#### AVAILABLE RECORDS

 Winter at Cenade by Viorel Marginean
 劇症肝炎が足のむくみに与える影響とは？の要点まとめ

########
#### AVAILABLE RECORDS

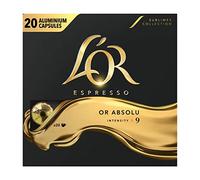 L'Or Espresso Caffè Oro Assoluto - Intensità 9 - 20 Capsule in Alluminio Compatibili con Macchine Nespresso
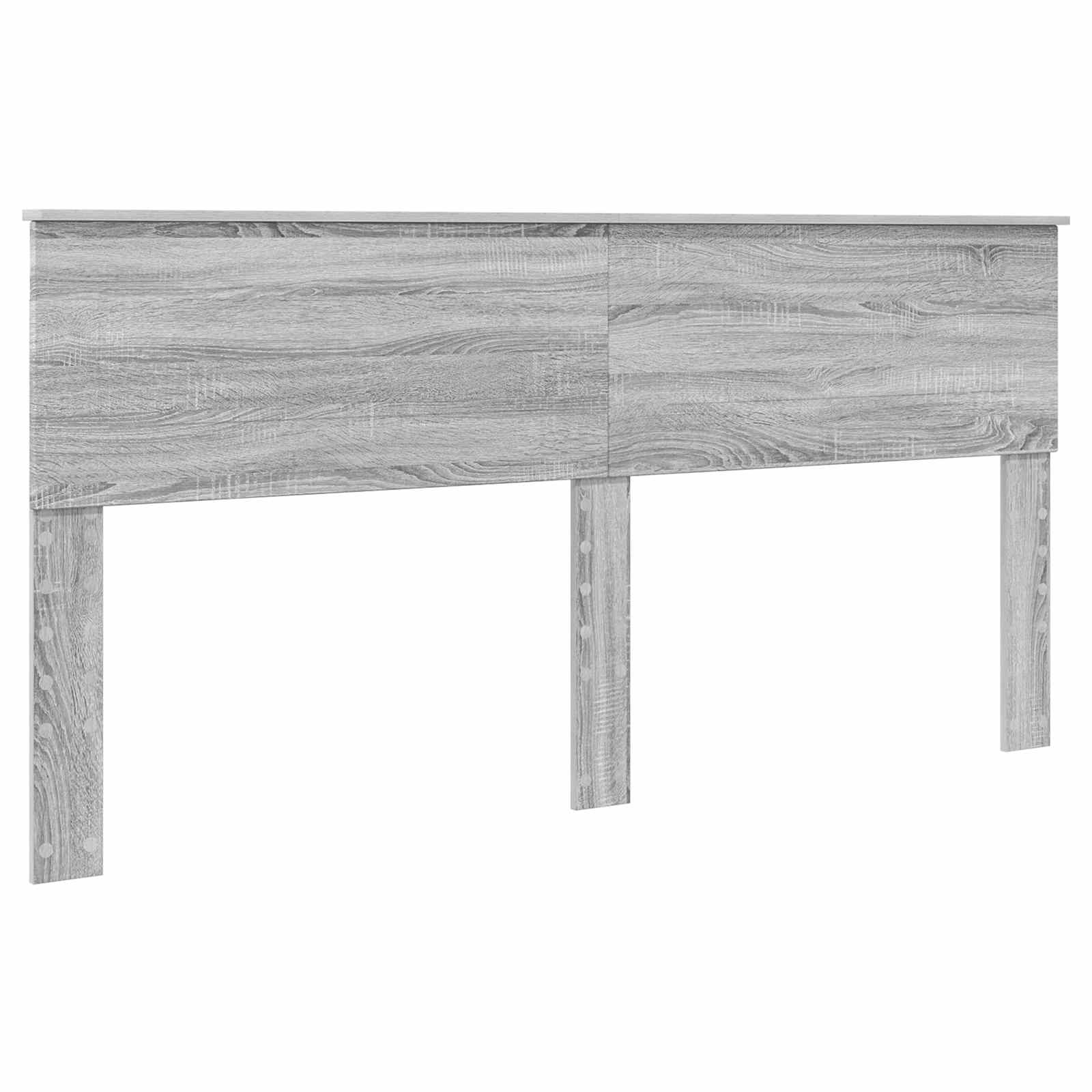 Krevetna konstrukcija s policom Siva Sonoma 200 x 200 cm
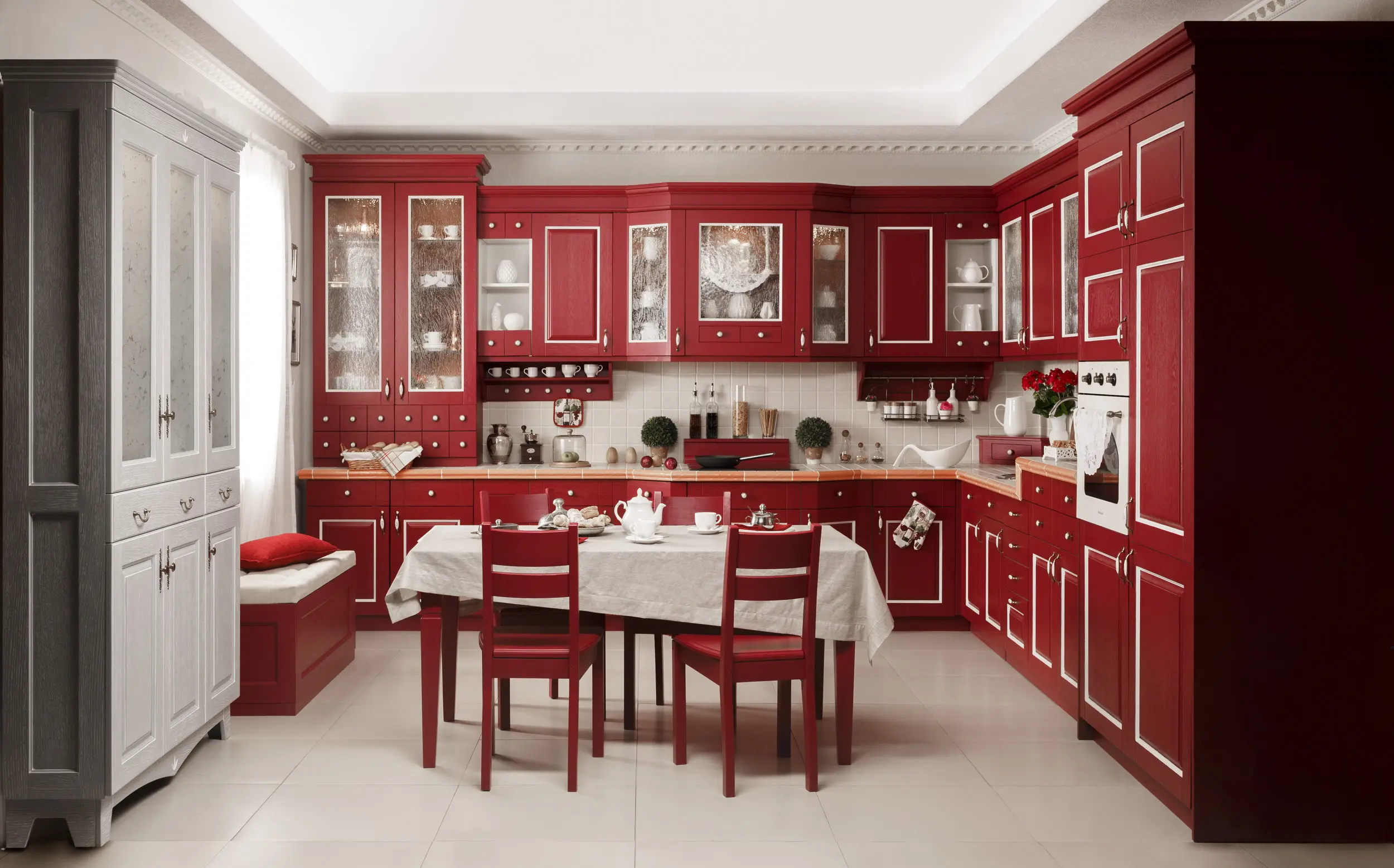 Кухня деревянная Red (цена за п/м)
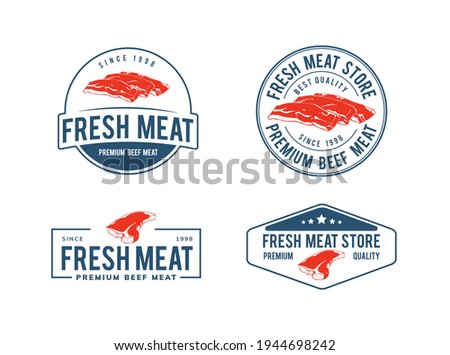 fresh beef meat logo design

########

▶ **ABOUT THIS EXERCISE**
In the material above, locate the line containing "Winter at Cenade by Viorel Marginean" and the line containing "劇症肝炎が足のむくみに与える影響とは？の要点まとめ". Transcribe exactly those two lines and every line between them, and nothing more.

▶ **PROBLEM SOLUTION**
 Winter at Cenade by Viorel Marginean
 劇症肝炎が足のむくみに与える影響とは？の要点まとめ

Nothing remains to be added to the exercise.